Every year Education Week highlights a group of outstanding school district leaders in its Leaders to Learn From special report. According to Education Week, these leaders “are tackling some of the most pressing challenges in K-12 education… [Their] stories are packed with ideas and strategies that are yielding strong results that can be borrowed, adapted, and put to successful use in other school systems.”
This year, five of the 16 leaders Education Week identified are part of IEL’s network, including participants in IEL’s Education Policy Fellowship Program (EPFP), an early leader in IEL’s family and community engagement work, and several leaders connected to the work of IEL’s Coalition for Community Schools.

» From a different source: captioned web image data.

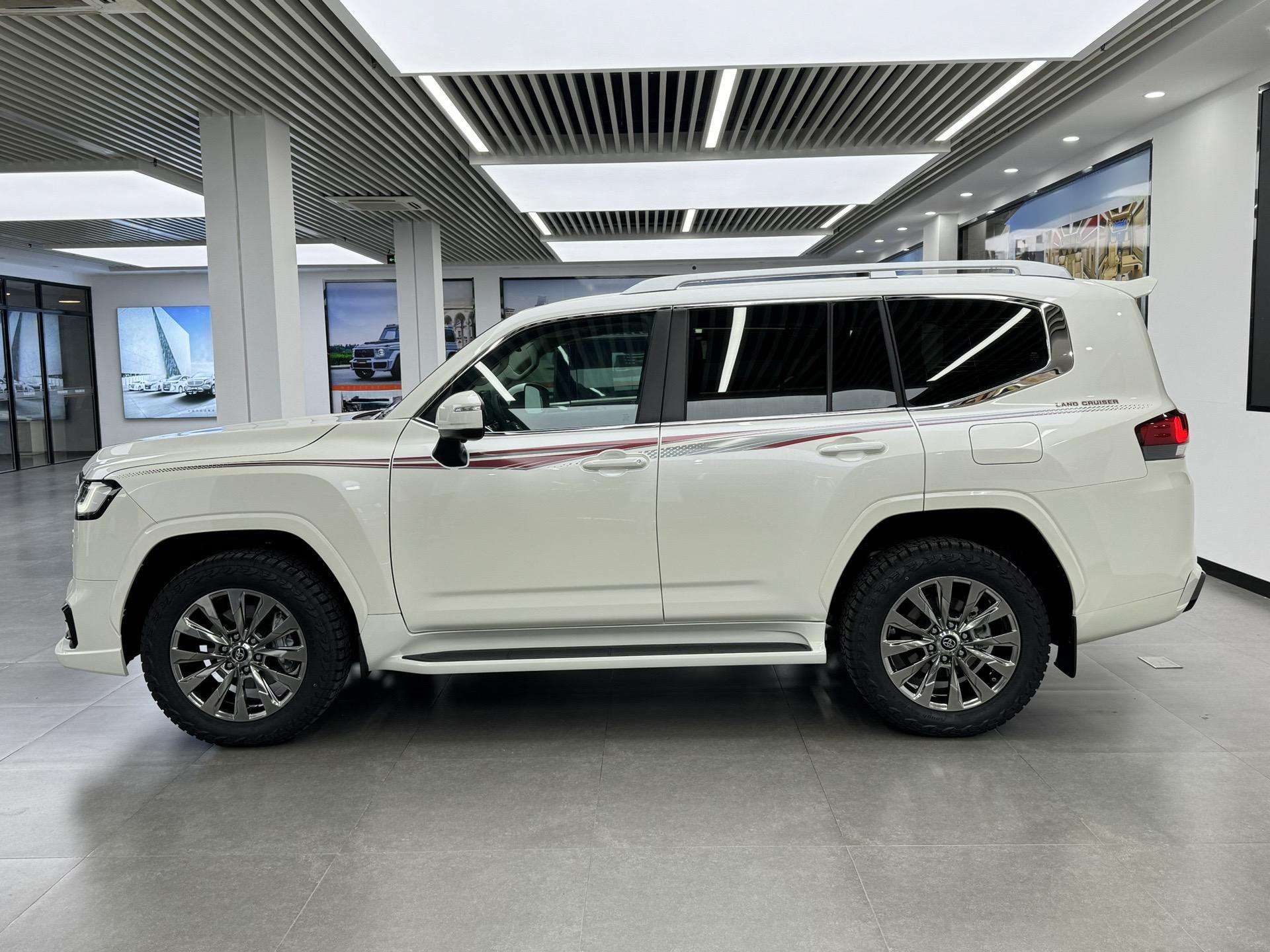Toyota Land Cruiser LC200 to LC300 Body Kit 2008-2021 image 8 product detail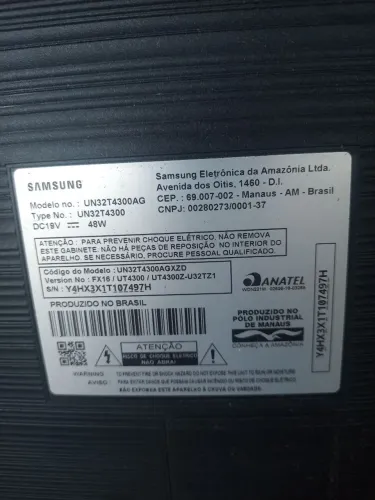 Tv Samsung 32 com tela tricando para aproveitar peças
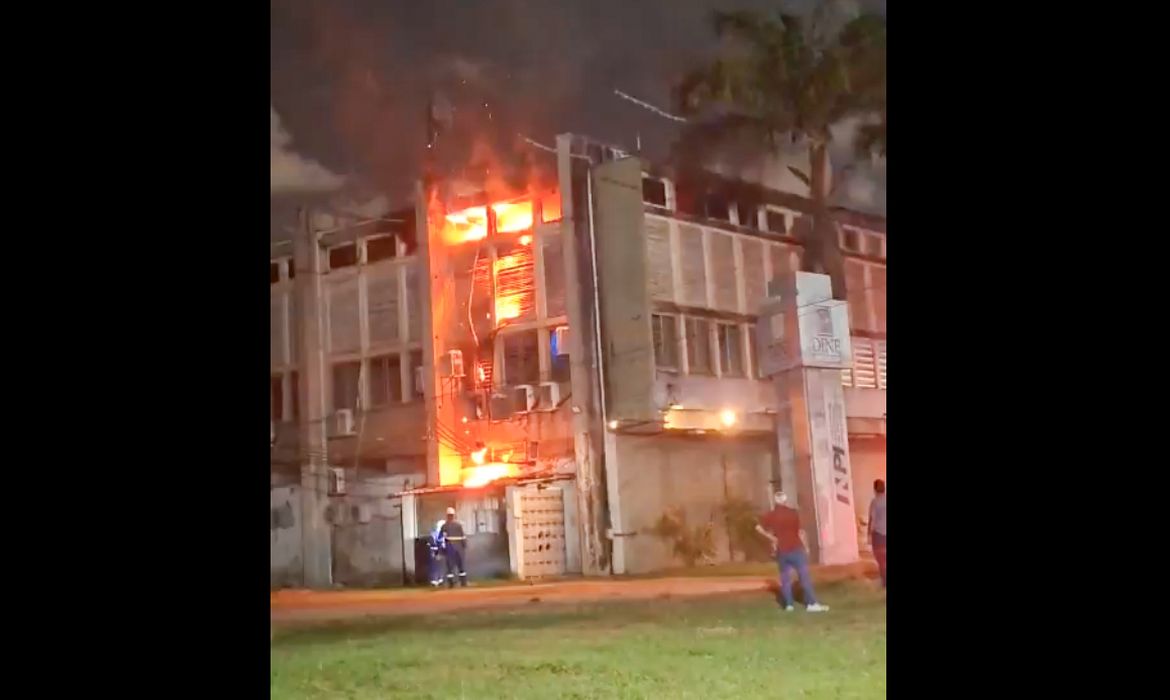 Leia mais sobre o artigo PF vai investigar incêndio na Universidade Federal de Pernambuco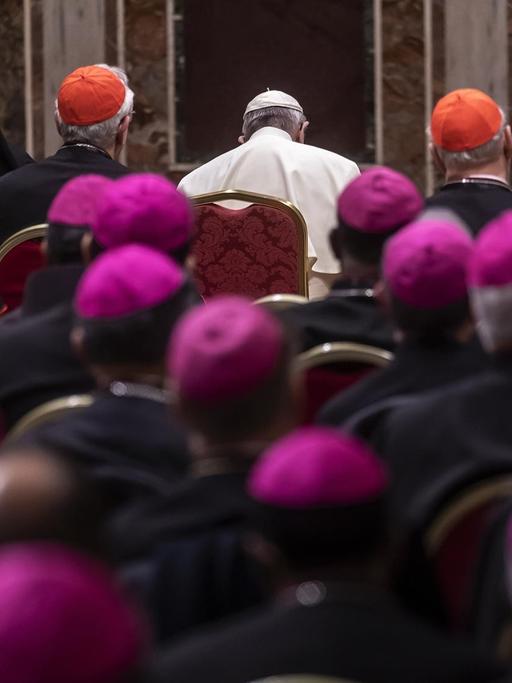 Papst Franziskus liest die Liturgie während des Krisentreffens im Vatikan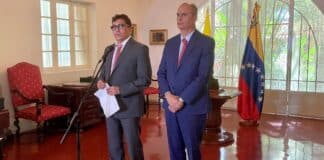 Anuncian próxima apertura de consulados en Maracaibo y Táchira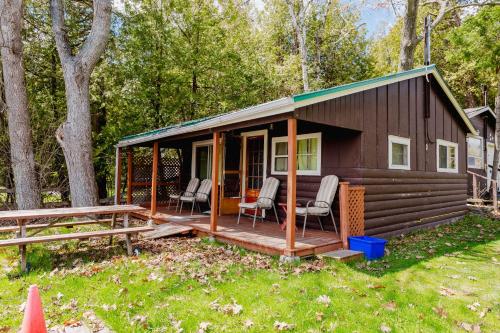 Ambleside - 2-Bedroom Cottage #4, Kawartha Lakes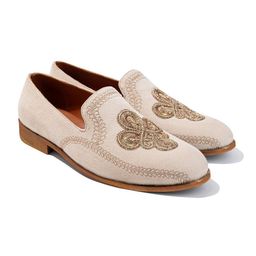 The Alternate Men Embroidered Mojaris with Ethnic - Embellished-image-40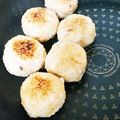 お米を食べなさい's cooksnap of when they made めんつゆで^_^焼きおにぎり.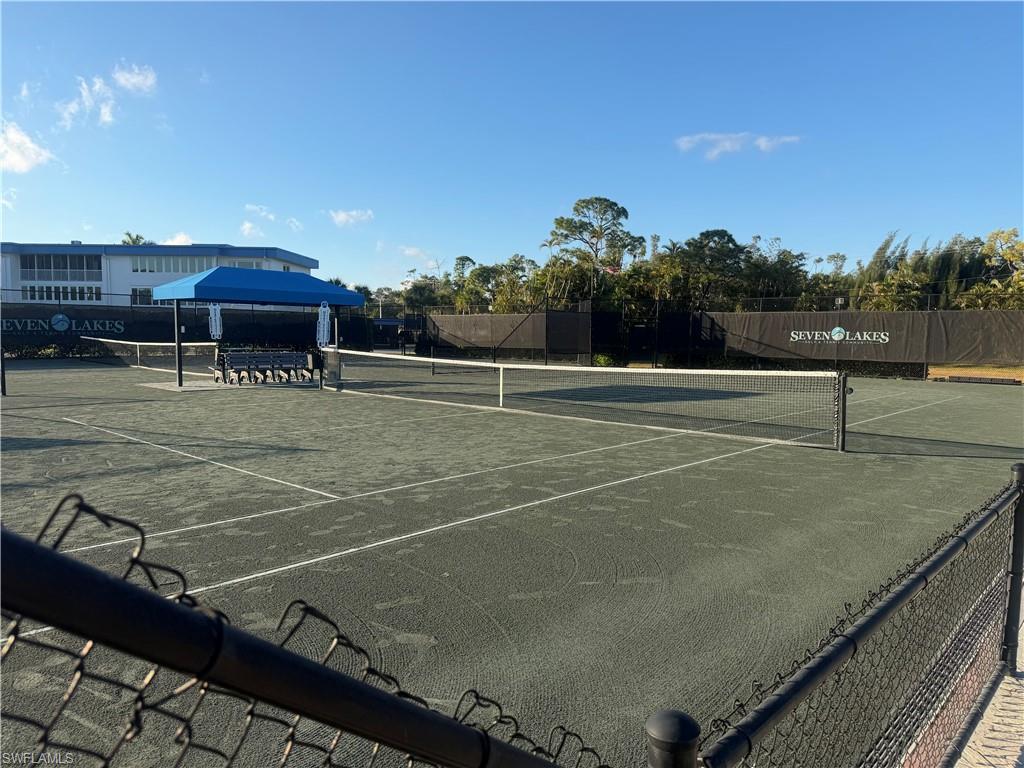 SEVEN LAKES - Residential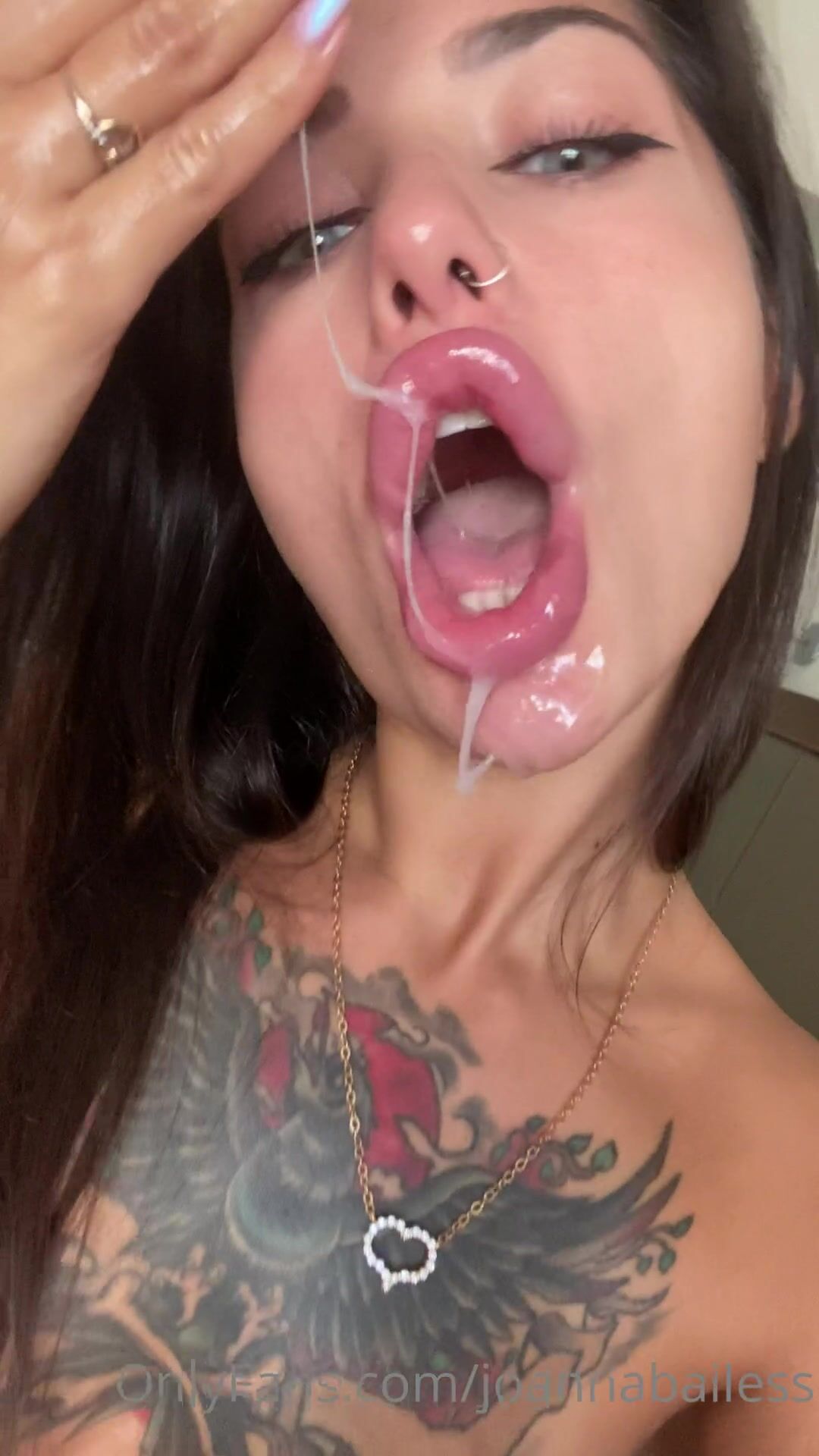 Bimbo Lips - Joanna Bailess - Playing Hard with my Fake Lips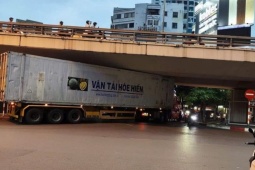 Tin tức trong ngày - Phạt tiền, tước bằng lái tài xế xe container mắc kẹt dưới gầm cầu Ngã Tư Sở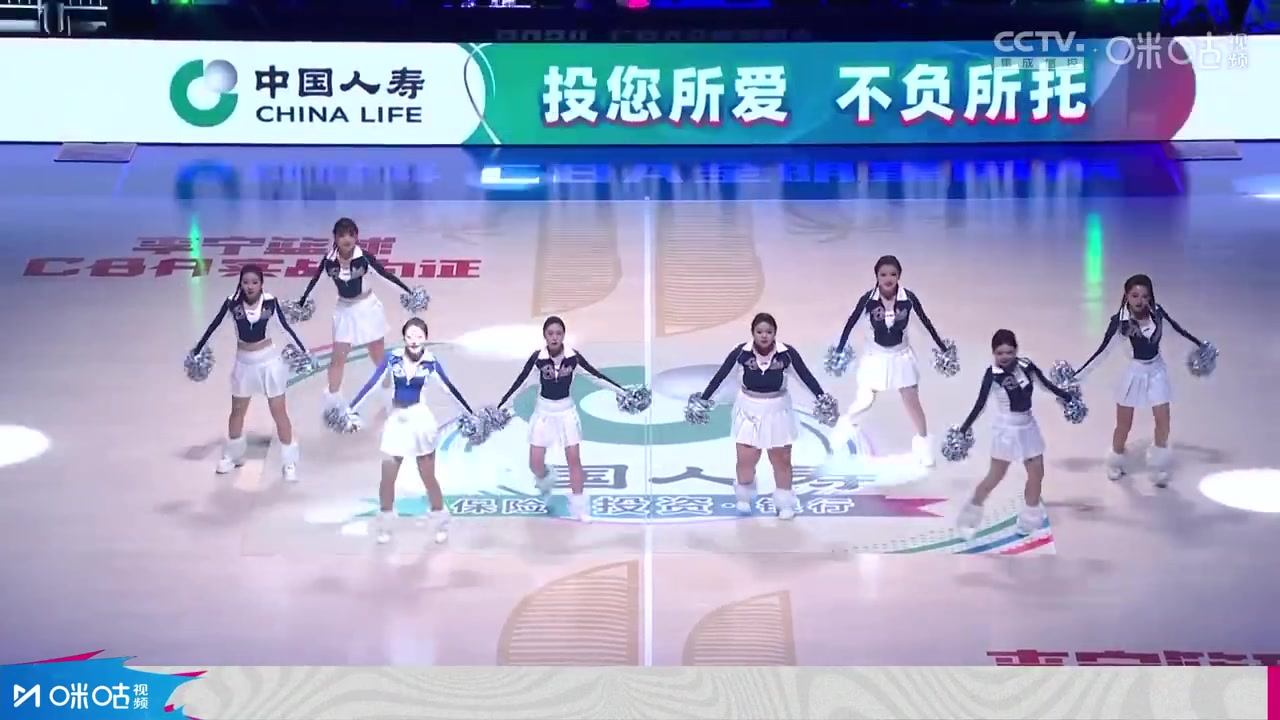 CBA全明星星锐赛中场啦啦队表演!C位的小姐姐很抢眼!
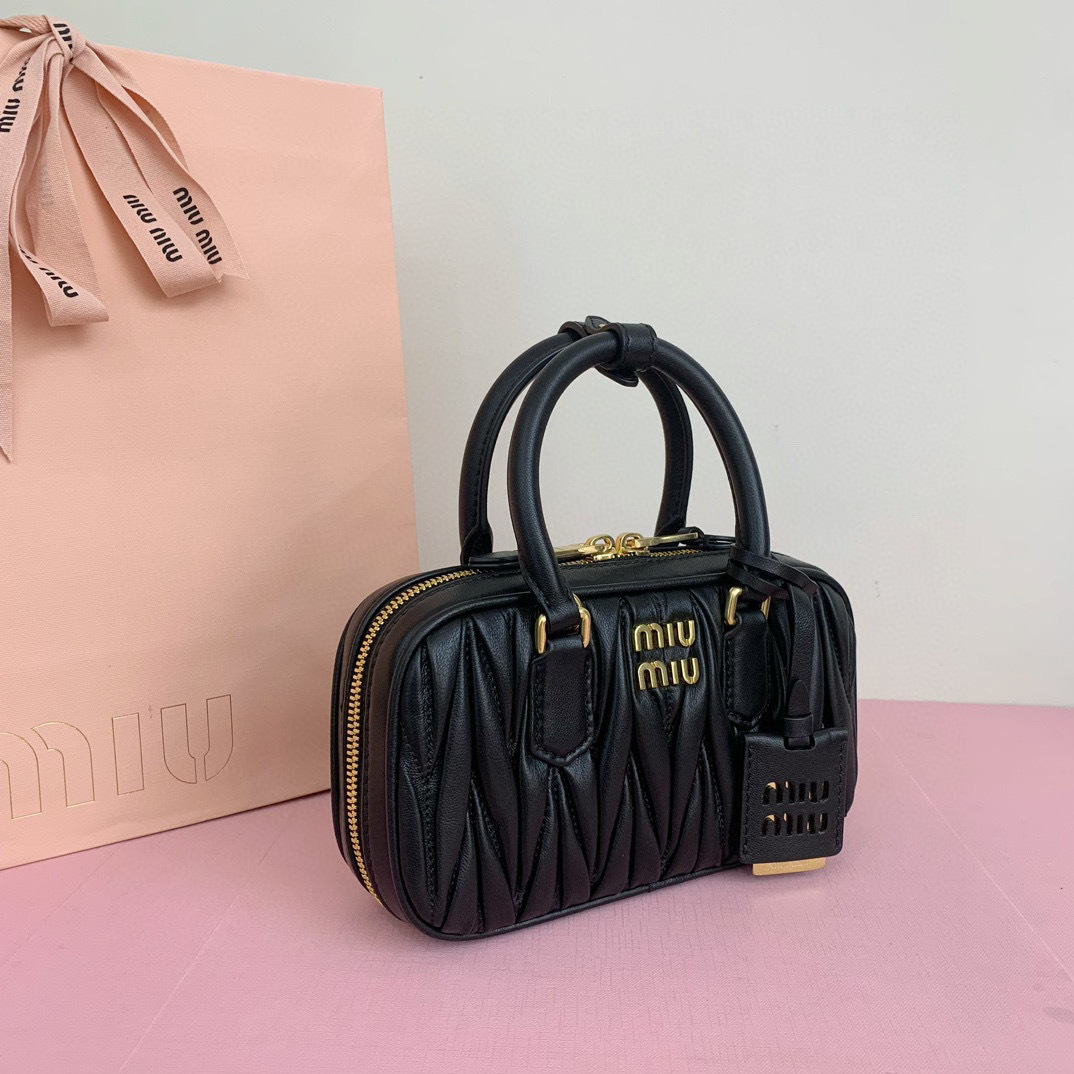 Miumiu 手拿包 尺寸：19*10*5cm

Mark D. Benigni, superintendent for Meriden Public Schools in Connecticut, is part of the Superintendent Leadership Council for IEL’s Coalition for Community Schools. Education Week acknowledges Benigni for the results yielded from his investment in extended learning time in his district’s struggling schools.
Christopher Chatman, executive director of the Office of African-American Male Achievement at Oakland Unified School District in California, is part of the nation’s community schools movement and connected to IEL’s Coalition for Community Schools, with which he is soon co-presenting a webinar on the White House’s My Brother’s Keeper initiative and community schools. Education Week honored Chatman for his leadership in supporting boys of color.
Kathy Fortino, associate superintendent for special education and early childhood at Muskegon Area Intermediate School District in Michigan, is a 2003-04 EPFP alumna. Fortino is recognized for her leadership in overhauling her district’s special education system.
Patricia A. Spradley, the chief parent and community engagement officer for Springfield Public Schools in Massachusetts, is a founding member of IEL’s District Leader’s Network on Family and Community Engagement. Education Week recognized Spradley for her leadership in parent engagement.
Alita McCoy Zuber, assistant superintendent for business at the Ossining Union Free School District in New York, is a current EPFP fellow. Education Week recognized her for her leadership in school district finance and building a strong case for K-12 investment.
Additionally, Tiffany Anderson, while not directly connected to IEL, is part of the community schools movement and was acknowledged for her leadership in community schools and confronting the challenges of poverty.
IEL congratulates all 16 of the 2015 Leaders to Learn From.